Среди «народов моря», то и дело нападавших на Египет в XIII в., появляются названия данайцев и ахейцев, однако у Гомера то и другое – почти мифические обозначения; затем название лукка, связываемое впоследствии с Ликией, жители которой, однако, называют себя трамилами; и наконец, названия этрусков, сардов и сикулов, однако отсюда вовсе не следует, что эти «турша» говорили на том, что сделалось впоследствии этрусским языком, как ничего невозможно утверждать и относительно существования материальной связи между ними и носителями того же названия, обитавшими в Италии; если бы даже то и другое было удостоверено, это нисколько бы не давало нам права говорить об «одном и том же народе». Если мы допустим, что лемносская надпись действительно этрусская, а этрусский язык – индогерманский, для истории языка это будет иметь чрезвычайно значимые последствия, для истории же расы не будет значить совершенно ничего. Рим – этрусский город. Разве душе римского народа этот факт не был абсолютно безразличен? Разве римляне являются индогерманцами потому, что они случайно стали разговаривать на одном из диалектов латинян? Этнографы выделяют средиземноморскую и альпийскую расы{356}, а к северу и к югу от них указывают на поразительное телесное сходство между северогерманцами и ливийцами, однако филологам известно, что баски по языку являются остатком доиндогерманского (иберийского) населения. Мнения эти взаимно друг друга исключают. Были ли строители Микен и Тиринфа «эллинами»? С такими же основаниями можно спрашивать, были ли остготы немцами. Должен признаться, такая постановка вопросов не укладывается у меня в голове.
Для меня народ – это единство души. Все великие события истории, собственно говоря, совершены народами не были, но, скорее, породили на свет их самих. Всякий поступок изменяет душу деятеля. Пускай даже поначалу кто-то сплотился вокруг знаменитого имени; то, однако, что за его звучанием стоит народ, а не шайка, – скорее следствие, а не предпосылка великого события. Остготы и османы стали тем, чем стали, лишь благодаря судьбам, которые постигли их в ходе странствий. «Американцы» не переселились из Европы: имя флорентийского географа Америго Веспуччи обозначает сегодня в первую очередь часть света, однако вслед за этим – и настоящий народ, обретший свой самостоятельный характер вследствие душевного потрясения 1775 г., но прежде всего в результате Гражданской войны 1861–1865 гг.

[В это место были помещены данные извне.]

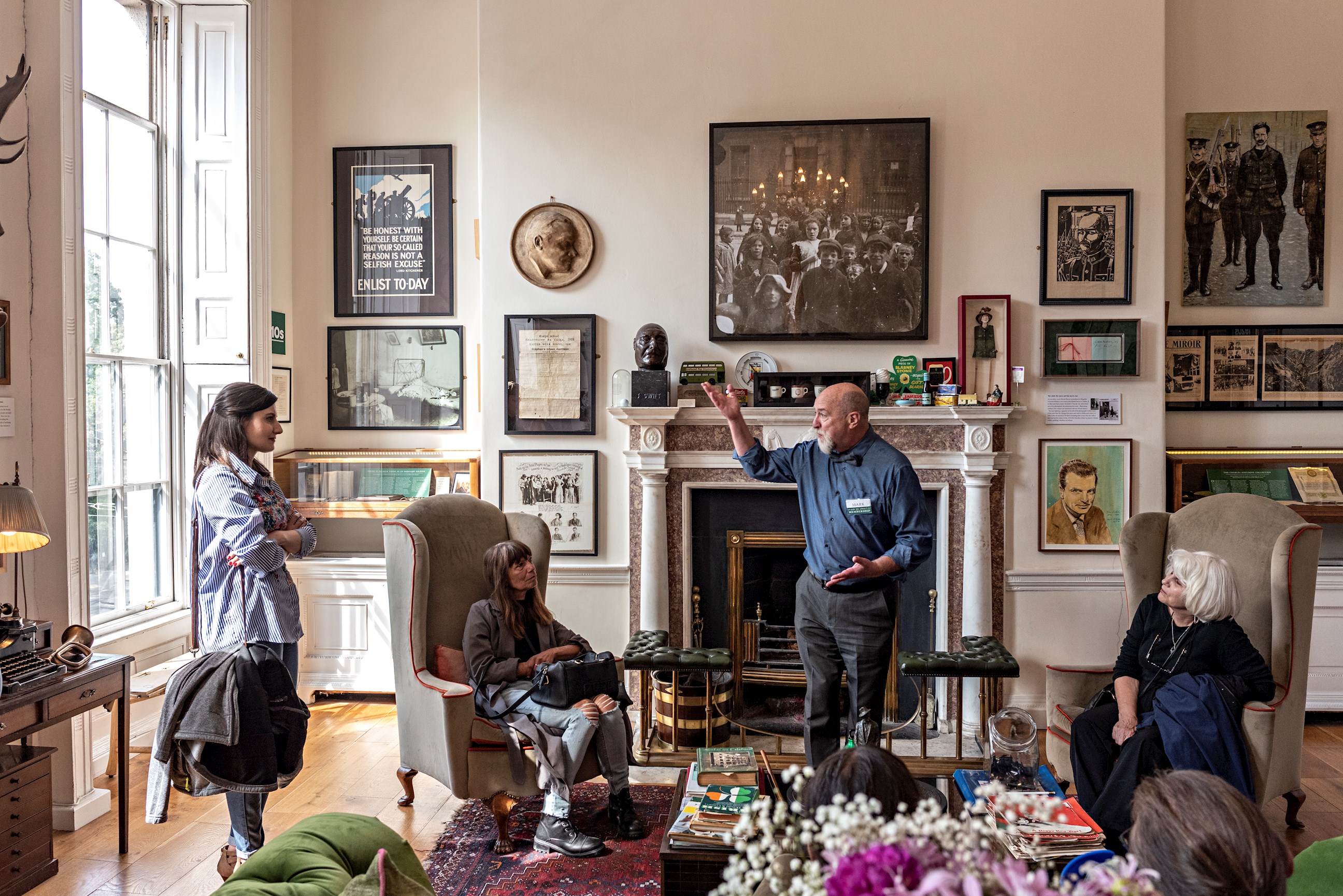 Local expert giving a talk at the Little Museum of Dublin in Ireland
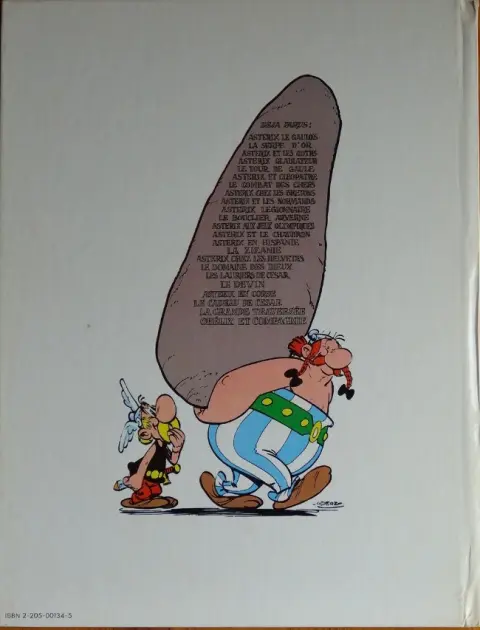 Verso de l'album Astérix Tome 20 Astérix en Corse
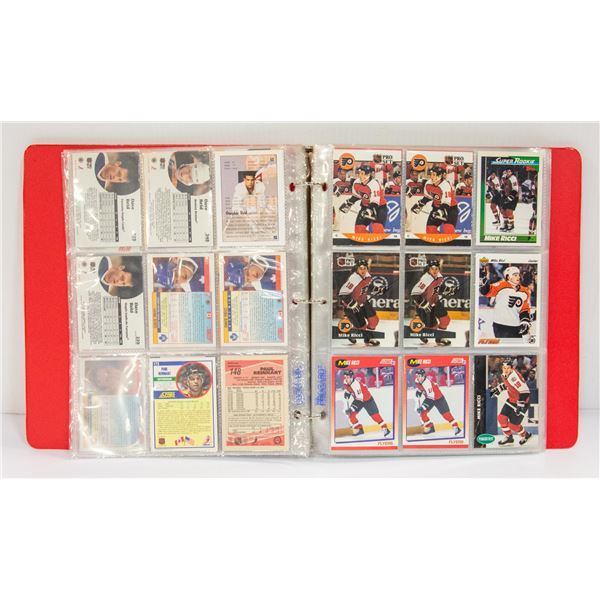 BINDER OF HOCKEY CARDS - VARIOUS YEARS AND TYPES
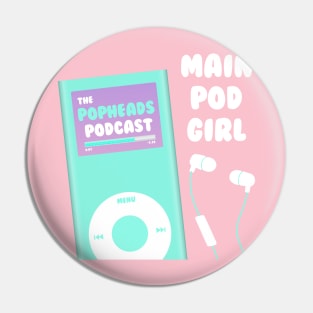 Main Pod Girl Logo (Without Text Drop Shadow) Pin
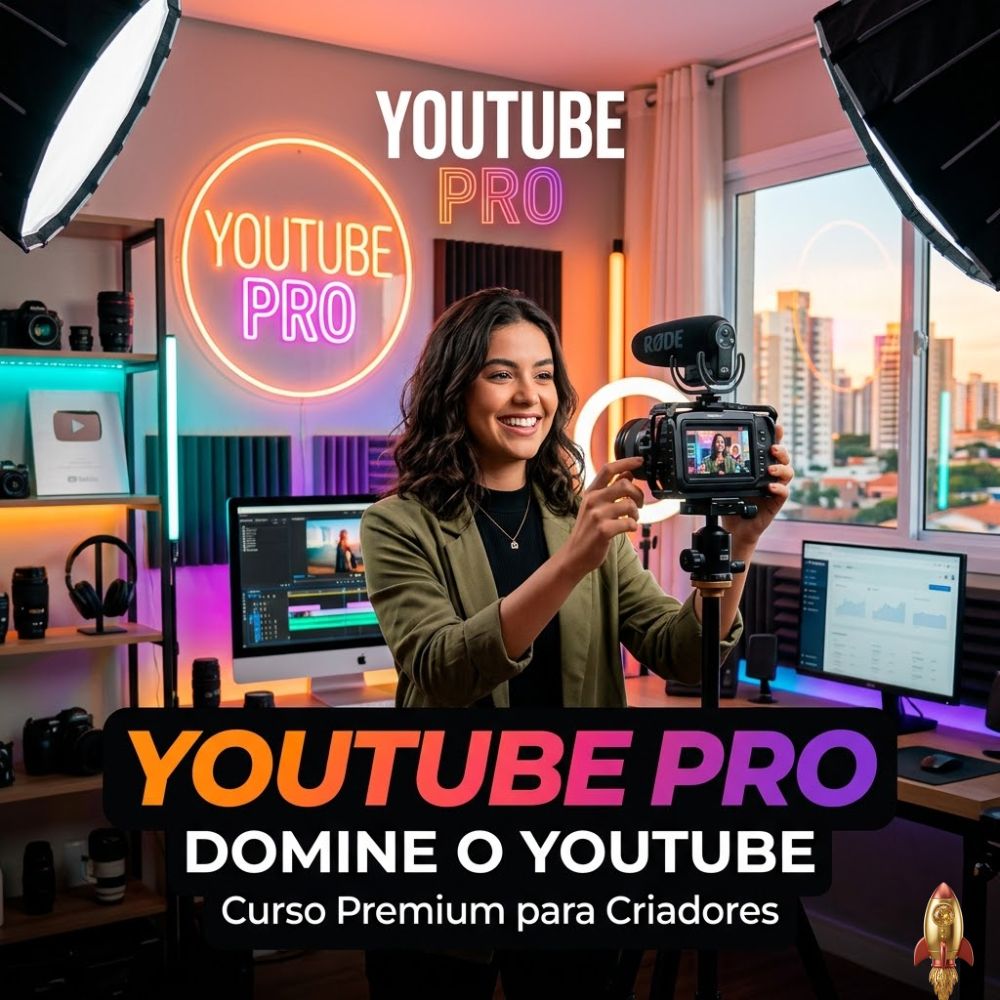 PAINEL DO YOUTUBE STUDIO COM MÉTRICAS DE CRESCIMENTO E VISUALIZAÇÕES EM CURSO EM VÍDEO PROFISSIONAL.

Иного содержания у слова «народ» нет. Ни единство языка, ни единство телесного происхождения не играют здесь определяющей роли. Что неизменно отличает народ от населения, выделяя его из населения и позволяя ему вновь в нем раствориться, – это внутреннее переживание «мы». Чем глубже это чувство, тем сильнее жизненная сила союза. Существуют энергичные и вялые, преходящие и несокрушимые формы народов. Они могут менять язык, расу, имя и страну: пока живет их душа, они внутренне присоединяют к себе людей какого угодно происхождения и их переделывают. Название «римляне» обозначает во времена Ганнибала народ, а в эпоху Траяна – всего только население.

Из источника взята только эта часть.